Oggi l’Iraq è un paese molto giovane; il 67,9%[1] della popolazione ha meno di trent’ anni. Inoltre, è ricco di materie prime tra cui vaste riserve di petrolio. Sulla carta aveva tutti i requisiti necessari per essere un paese prospero e sviluppato, grazie all’ abbondanza di risorse naturali, a un apparato burocratico preparato e alla posizione strategica occupata dal paese che teoricamente avrebbero potuto consentire di fare ingenti investimenti nei settori pubblici come sanità ed istruzione permettendo poi la nascita di una vera e propria classe media.
Ma decenni passati tra dittature, divisioni settarie e religiose, guerre civili e interventi militari stranieri senza contare la forte presenza di gruppi terroristici hanno reso l’Iraq un paese povero con un PIL pro capite di soli 12,141$ (114o al mondo),[2] preda di una corruzione dilagante e con grosse carenze nei servizi per la popolazione. Ed è proprio questa situazione di estremo disagio che spinge la popolazione, e soprattutto i giovani, a scendere in piazza per protestare contro l’élite economico politiche che detengono il controllo del paese ma che sono estremamente divise sul piano religioso ed etnico.
I giovani iracheni vivono in condizioni estremamente difficili. L’instabilità e l’embargo posto dagli USA negli anni 90’ hanno creato una povertà diffusa strozzando la classe media irachena che aveva iniziato faticosamente a formarsi a partire dagli anni 70/80.
Con un mercato del lavoro controllato dal sistema politico i giovani iracheni fronteggiano livelli di disoccupazione elevati, con la disoccupazione giovanile che arriva al 34,6%[3]. Le proteste che ciclicamente scoppiano nel paese le ultime si sono svolte tra agosto e ottobre del 2022 vedono un’enorme partecipazione dei giovani che, nonostante siano una larga fetta della popolazione, sono costantemente ignorati nelle scelte del governo.
I giovani scesi in strada chiedono la fine del sistema clientelare e settario che domina il panorama del lavoro in Iraq, più politiche che vedano protagonisti i giovani e maggiori investimenti nei sistemi educativo e sanitario che attualmente versano in condizioni disastrose.
Nonostante le numerose risorse naturali del paese potrebbero garantire i fondi necessari per ampi piani di riforma e sviluppo la situazione stenta a migliorare per via dell’onnipresente corruzione che permea l’intero apparato statale.
Tutto ciò alimenta la rabbia e la frustrazione nelle fasce più giovani della popolazione impegnate a lottare tenacemente per ottenere la considerazione necessaria da parte dei politici e che continueranno a protestare fino a quando non vedranno dei concreti miglioramenti delle proprie condizioni di vita.
Quello che emerge dalle due parti di questo articolo è che in entrambi i paesi presi in esame (Francia e Iraq), al netto delle loro grosse differenze socio-culturali, i giovani si sentono marginalizzati e abbandonati a sé stessi prigionieri di un sistema che non li valorizza ne riesce a fornirgli gli strumenti necessari per crearsi un futuro stabile.

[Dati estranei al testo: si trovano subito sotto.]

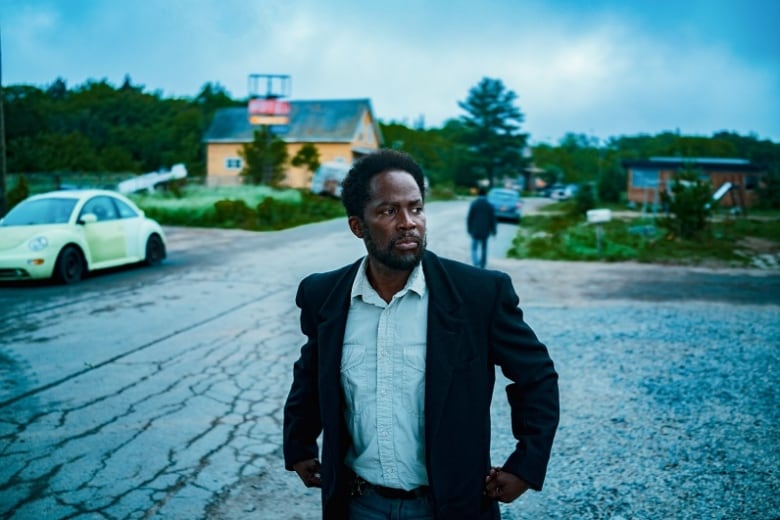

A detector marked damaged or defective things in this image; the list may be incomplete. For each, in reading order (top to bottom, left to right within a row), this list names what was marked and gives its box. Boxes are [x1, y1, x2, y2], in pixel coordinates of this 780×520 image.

cracked asphalt road [3, 197, 776, 516]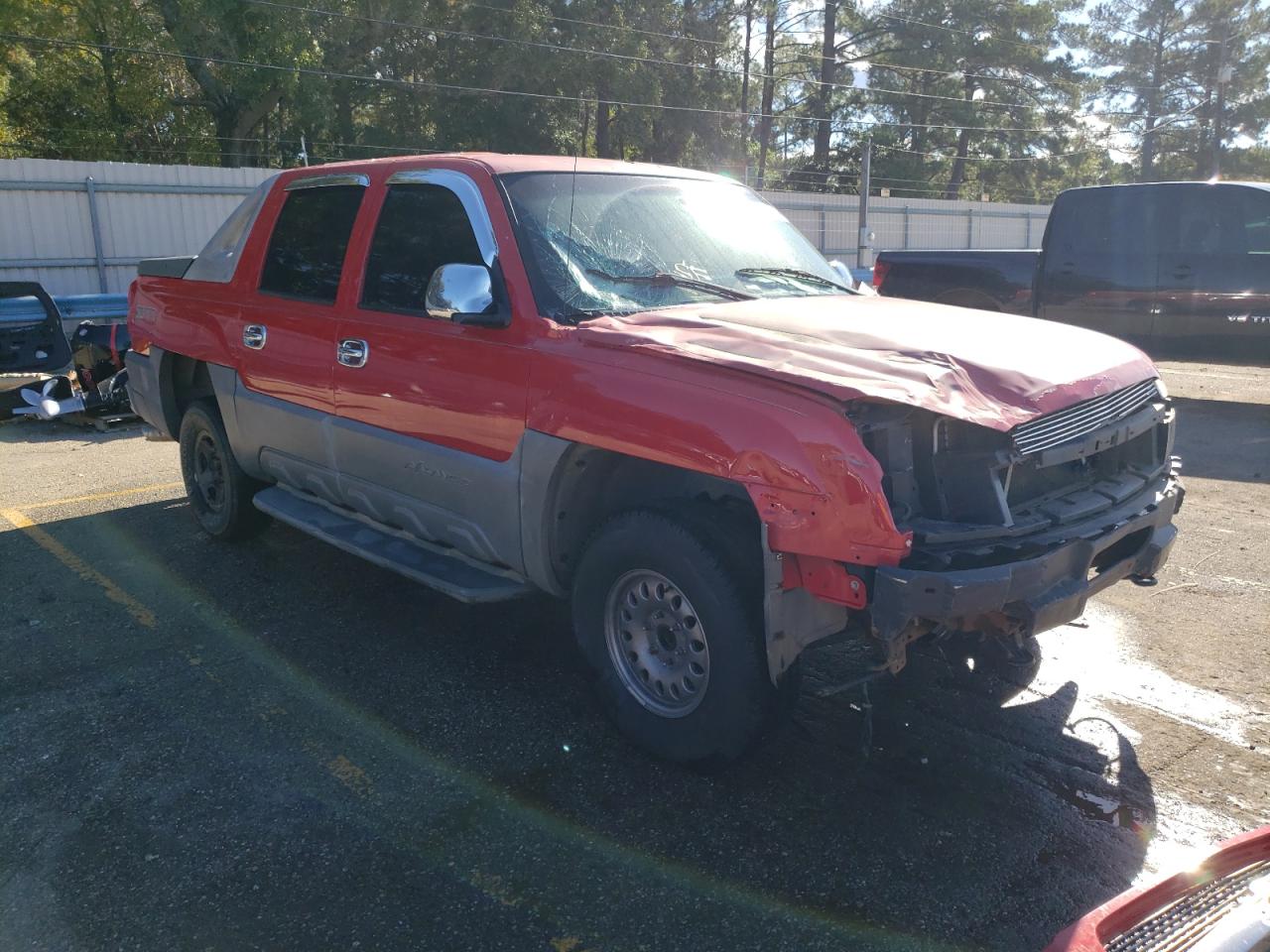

L’aspirazione a loro comune è la richiesta di essere ascoltati dai loro rispettivi governi, vedere nei loro paesi la nascita di un progetto politico che li veda protagonisti.
Tuttavia per ora non sono state messe in campo delle iniziative governative tese a migliorare la situazione; in Iraq anzi i manifestanti nell’ultimo ciclo di proteste sono andati incontro a una dura repressione che ha lasciato dietro di sé quasi 600 morti [4], mentre in Francia nonostante le quattordici giornate di protesta la riforma delle pensioni è stata comunque approvata ed è diventata operativa a partire dal 1° settembre. Ma il disagio che ha alimentato le proteste rimane latente nella società continuando a crescere sebbene sottotraccia.
Ciò porta in entrambi i paesi al continuo riemergere di proteste e violenze rendendo la situazione sempre più critica fino a che la rabbia e la frustrazione non diventeranno incontenibili e la situazione esploderà con conseguenze imprevedibili per tutti gli attori coinvolti.